## What is being asked
Output must consist only of the lines of the material below from the one with "basketball player life" through the one with "2018 Dünya Kupası Ne Zaman", each reproduced exactly; no pictures belong in it.

## Provided records
▽

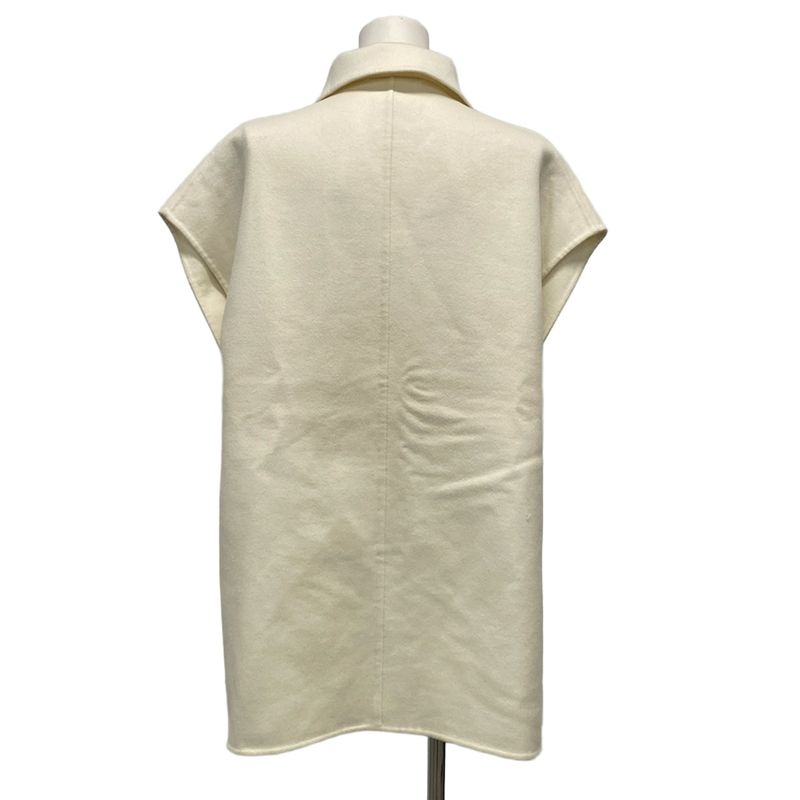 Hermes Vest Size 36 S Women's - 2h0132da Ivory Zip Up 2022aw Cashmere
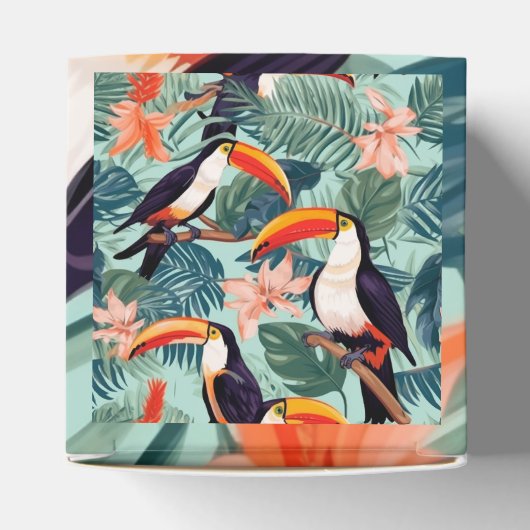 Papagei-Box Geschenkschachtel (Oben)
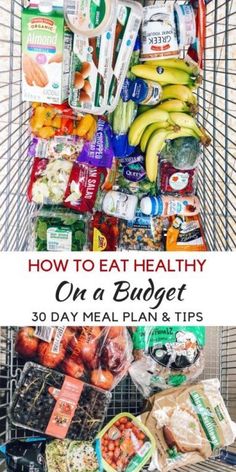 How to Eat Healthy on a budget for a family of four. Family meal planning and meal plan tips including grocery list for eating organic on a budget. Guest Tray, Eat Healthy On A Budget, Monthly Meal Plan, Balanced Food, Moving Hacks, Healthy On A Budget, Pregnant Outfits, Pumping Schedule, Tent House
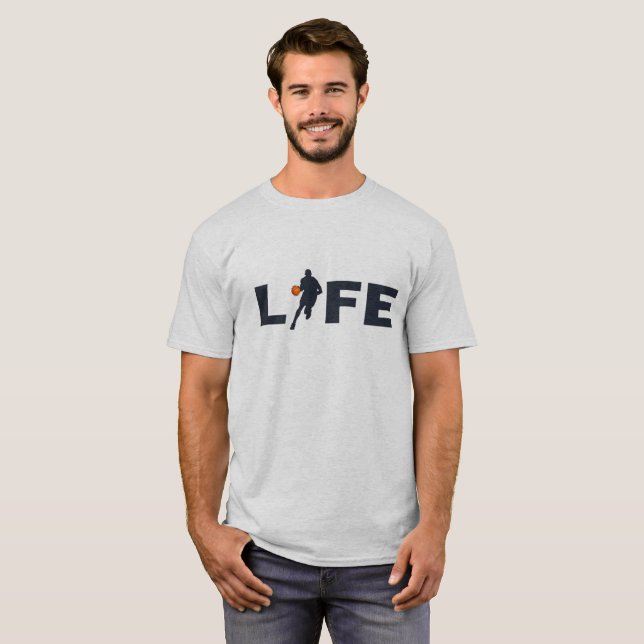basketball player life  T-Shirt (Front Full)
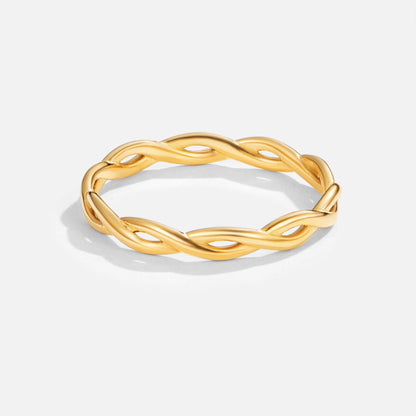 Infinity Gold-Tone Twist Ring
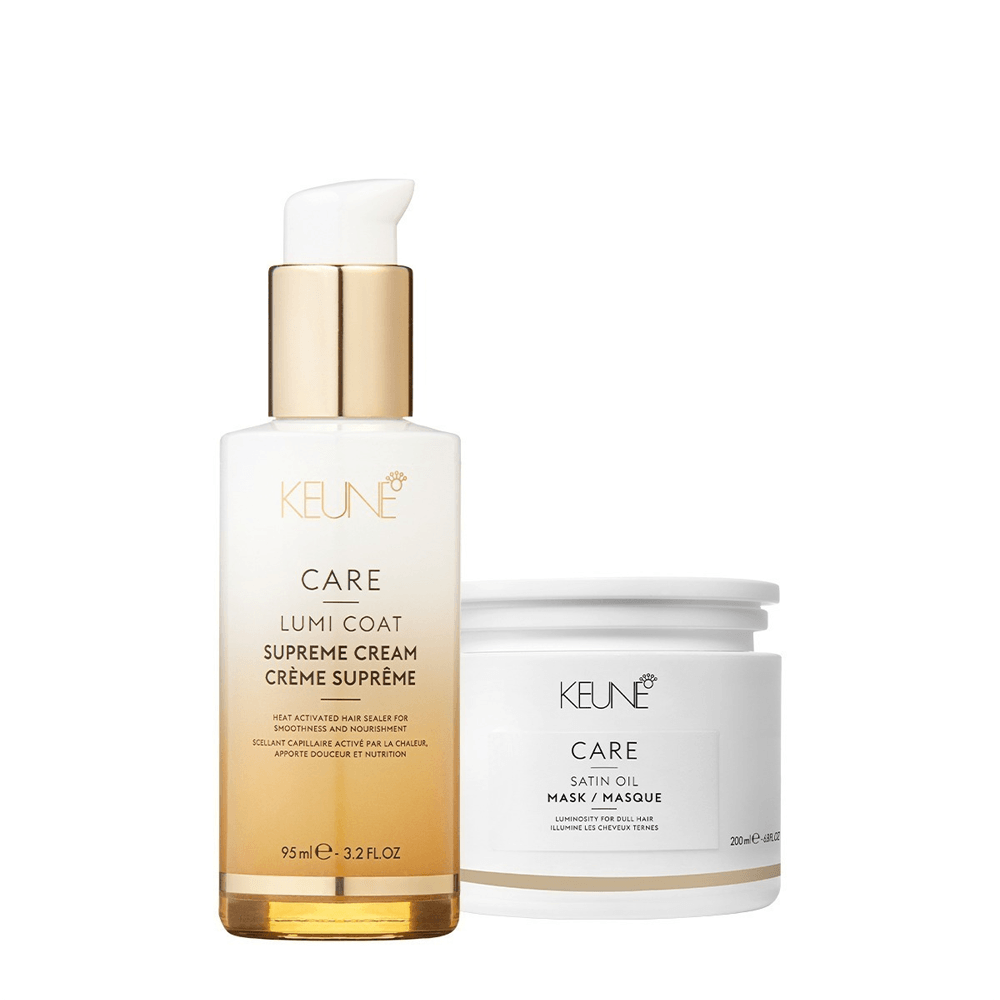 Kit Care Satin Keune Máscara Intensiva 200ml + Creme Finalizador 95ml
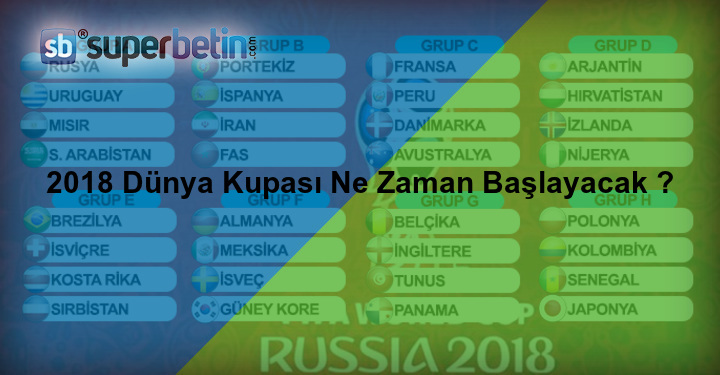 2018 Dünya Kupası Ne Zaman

△
▽

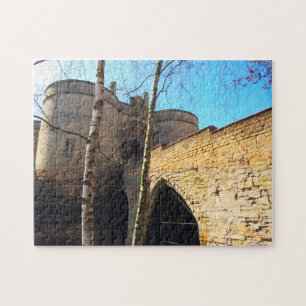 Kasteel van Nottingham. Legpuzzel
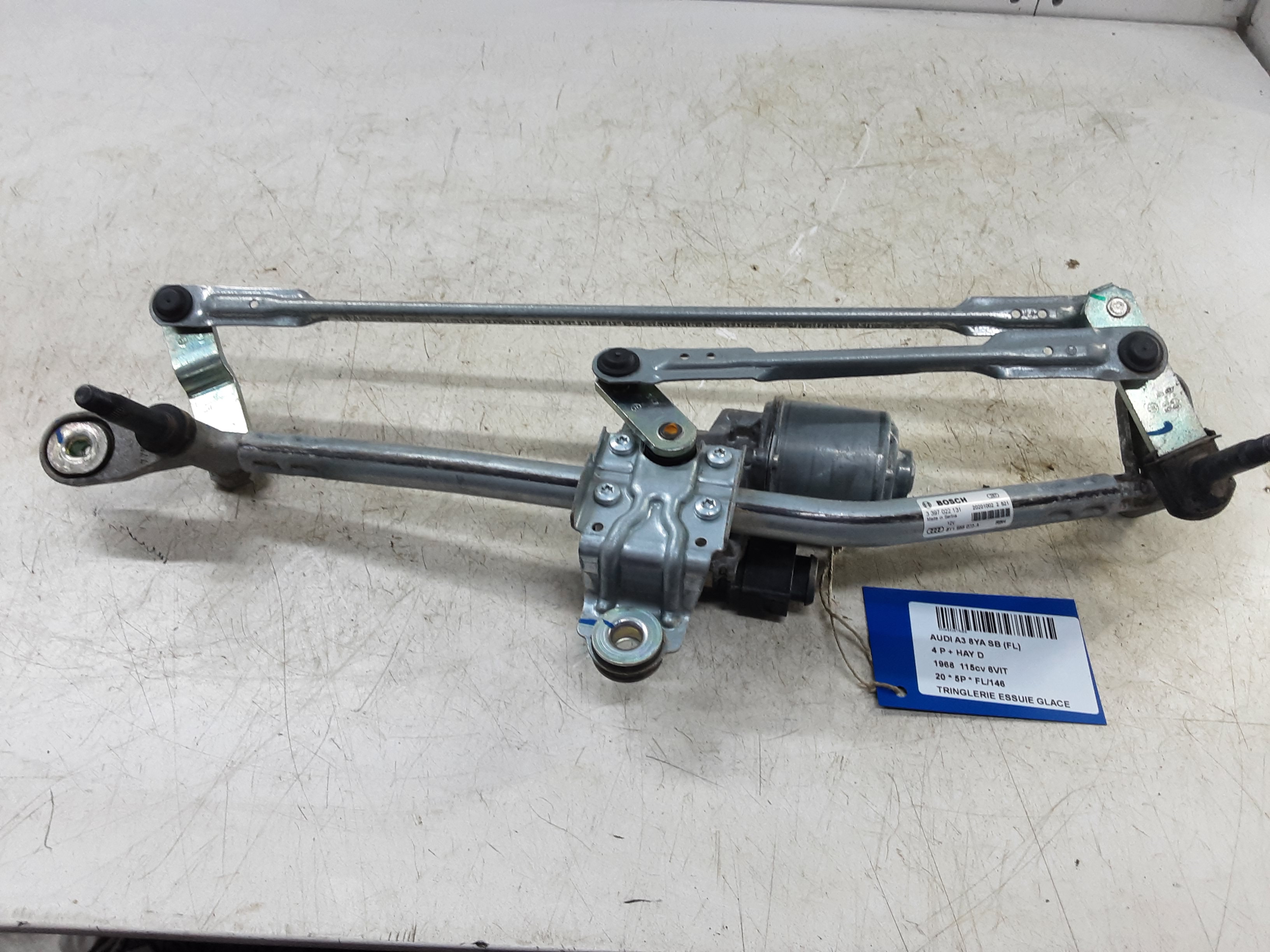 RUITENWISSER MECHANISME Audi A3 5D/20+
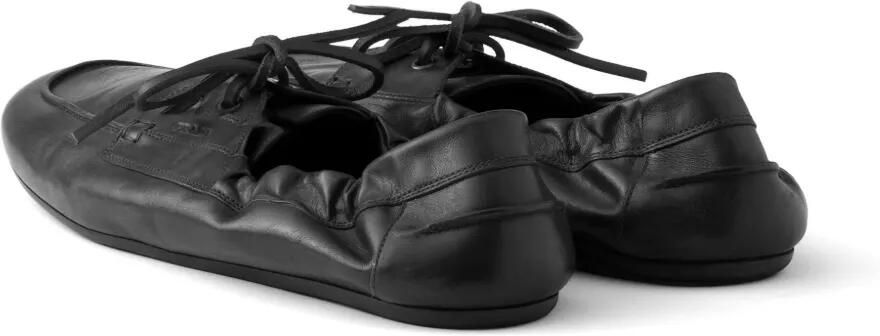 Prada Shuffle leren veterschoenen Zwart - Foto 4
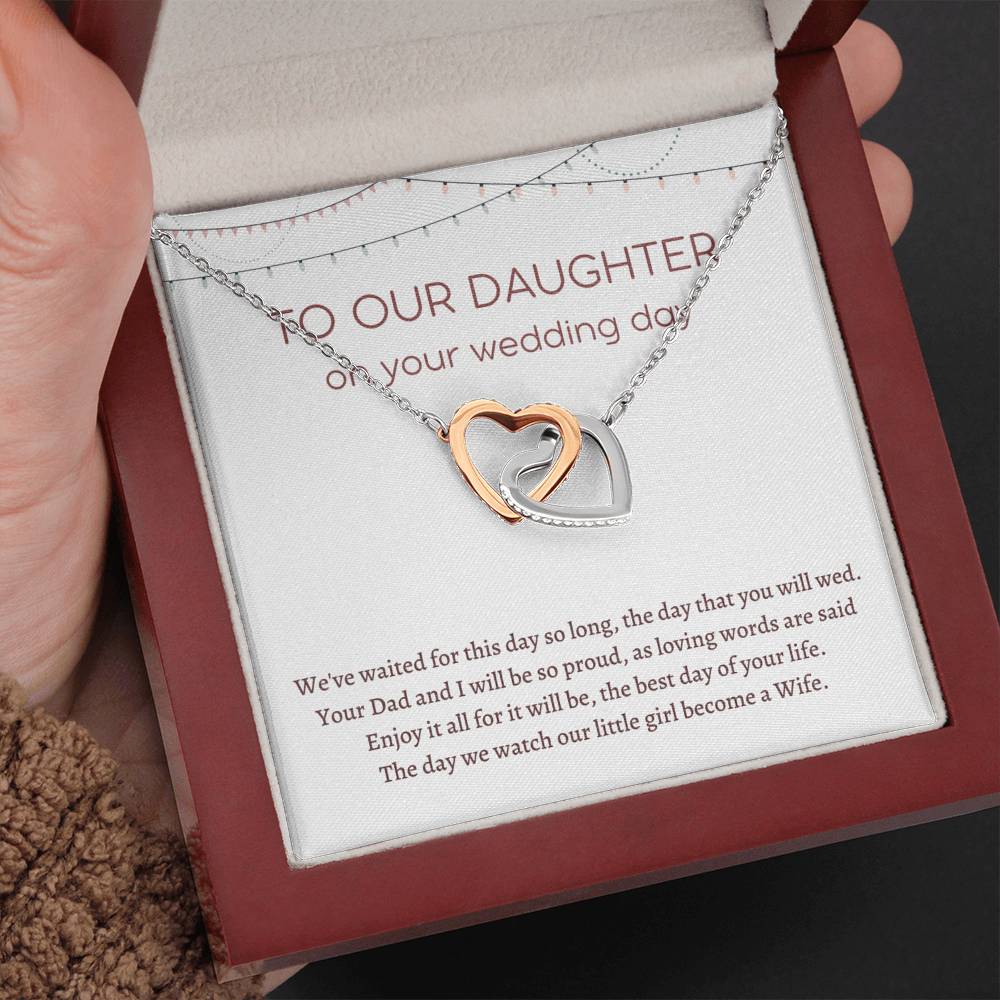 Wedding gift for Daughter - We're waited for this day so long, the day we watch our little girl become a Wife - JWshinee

△

## Expected answer
basketball player life  T-Shirt (Front Full)
 Infinity Gold-Tone Twist Ring
 Kit Care Satin Keune Máscara Intensiva 200ml + Creme Finalizador 95ml
 2018 Dünya Kupası Ne Zaman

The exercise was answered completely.